3. The cooling device for a compressor shrink fit assembly as set forth in claim 2, wherein:

the air guide disc is in a round cake shape, the outer diameter of the air guide disc is smaller than the inner diameter of the shell, and the air guide disc is coaxial with the shell.

4. A cooling device adapted for use in a compressor shrink fit assembly as set forth in claim 3, wherein:

the lower nozzles are symmetrically arranged on the outer edge of the bottom surface of the air guide disc, and the lower nozzles are symmetrically distributed around the axis of the shell.

5. The cooling device for compressor hot jacket assembly according to any one of claims 2 to 4, wherein:

the inner spray head further comprises a first air inlet joint arranged at the top of the air guide disc.

6. The cooling device for a compressor shrink fit assembly as set forth in claim 1, wherein:

at least 2 outer shower nozzles are located the same height department and be symmetrical about the casing outside the assembly middle section.

7. The cooling device for a compressor shrink fit assembly of claim 6, wherein:

the number of the outer spray heads is 2, and the minimum distance between the 2 outer spray heads is larger than the outer diameter of the shell.

8. The cooling device for a compressor shrink fit assembly of claim 6, wherein:

the outer spray head comprises an arc-shaped air guide pipe with a closed end, and the plurality of side nozzles are arranged on the pipe wall of the air guide pipe facing one side of the shell and communicated with the air guide pipe.

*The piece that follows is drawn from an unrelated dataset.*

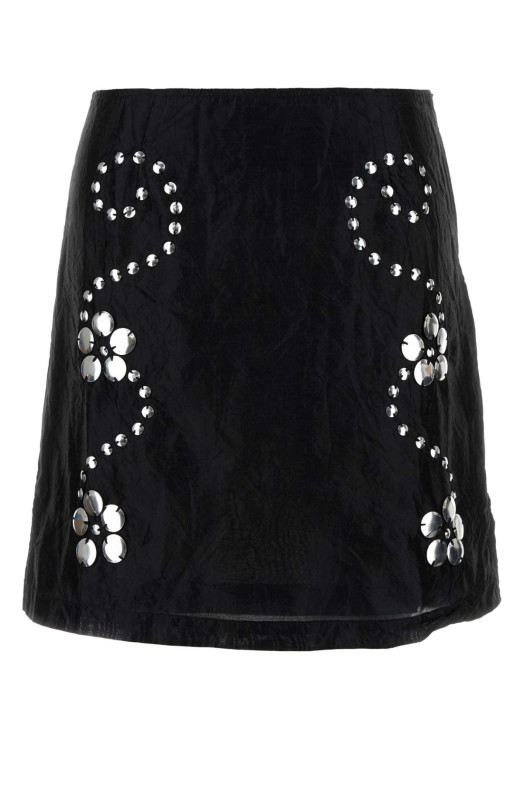 Black silk Claude mini skirt Black GIMAGUAS (CLAUDESTUDSMINISKIRT)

9. The cooling device for a compressor shrink fit as set forth in claim 8, wherein:

the plurality of side nozzles are uniformly distributed on the gas guide pipe, and the end part of each side nozzle is inclined downwards.

10. A cooling device suitable for a compressor shrink fit assembly as claimed in claim 8 or 9, wherein:

the outer spray head further comprises a second air inlet connector arranged at the top of the air guide pipe.